While Gustav and Auguste had six children, only three are known to have lived to adulthood.  The oldest to survive was born on 24 May 1866, and was named for his father – Gustav Anton Gottlob Schmiedigen.  Second to survive was daughter Ida Anna Luise Emilie Schmiedigen, born 12 Mar 1871.  The youngest of their children, Theodor Richard Albert Schmiedigen, was born more than ten years after his sister on 16 December 1881.

Eldest son Gustav was both a soldier and a civil servant.  Early in life, Gustav volunteered for military service, intending to make it his career.  However, he was honorably discharged with the rank of Captain of the Reserve so that he could enter government service.  At that time, bürgermeisters or mayors were appointed positions, and Gustav was appointed to the German Empire’s city of Opelln, now Opole, Poland.

Gustav later moved closer to home, serving in Zossen, about 25 miles south of Berlin, from which he retired at a young age on a civil servant’s pension.  However, in 1902, he reentered service as head of the municipal council of Britz, a Berlin suburb.  He remained until Britz was incorporated into Berlin as a part of the borough of Neukölln, retiring again in April 1921.  During his tenure there, he remarked to his sister Ida (below) how relieved he was that Wilhelm Voight had chosen Köpenick instead of nearby Britz for his escapade (see box).

On October 16, 1906, an out-of-work German shoemaker named Wilhelm Voigt donned a second-hand military captain's uniform he had bought, walked out into the street, and assumed control of a company of soldiers marching past.  He led them to the town hall of Köpenick, a small suburb of Berlin, arrested the mayor and the treasurer on charges of embezzlement, and took possession of 4,000 marks from the town treasury.  He then disappeared with the money.  The incident became famous as a symbol of the blind obedience of German soldiers to authority – even fake authority.

The police tracked him down nine days later, and he was sentenced to four years in jail.  But he proved to be such a likable character (and popular hero) that the Kaiser pardoned Voigt after he had served less than two years.  Voigt subsequently pursued a career in show business, where he entertained audiences, including in the United States, by re-enacting his stunt on the stage.

His bronze statue on steps of Köpenick city hall is shown at right.

Gustav and his wife (name unknown) left Berlin during the second World War.  Due to the intense bombing by the allies, many either lost their homes or were forced by the government to move out of the city.   However, in a letter to his cousins in America (see letter), Gustav states he was driven out by the occupying Russians.  In that 1947 letter, this proud civil servant begged for care packages from those cousins.  Paul was told as a child that many were sent.

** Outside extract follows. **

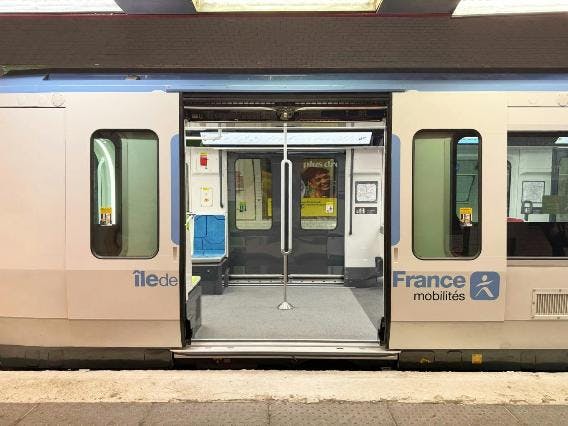 Rame du métro MF19 sur la ligne 10 à Paris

This letter must have been among his last acts, as he reportedly passed in 1947. There were no children as far as is known.

Gustav was so well regarded for his service in Britz that a brief biography was recorded as both a street and a path in Berlin were named for him.  First was Schmiedigenstrasse, formerly Chausseestrasse.  But the name only held for just over a year in 1950 and 1951, when the street was renamed Britzer Damm.  Second was  Schmiedigenpfad in June 1975.  This path, a public right-of-way, connects Lipschitzallee and Sollmannweg and provides access to several residential blocks (apartment buildings).  “Schmiedigen Path” remains in use today.

Comparatively little is known about Gustav’s sister Ida and baby brother Theodor.  Ida married the older Adam Friedrich Heim in Berlin on 16 Nov 1893.  There are no known children from this marriage, and the date of Ida’s passing is unknown.

As far as can be determined, Theodor Schmiedigen never married.  Berlin telephone directories list him as a fuhrunternehm, a hauler or trucker.  According to Gustav’s letter to America, Theodor was buried under the rubble of his destroyed house after a direct hit by Allied bombers.  He was rescued, but later died after prolonged suffering.  Though no specific date is mentioned, the most severe bombing of Berlin occurred between March 1943 and March 1944.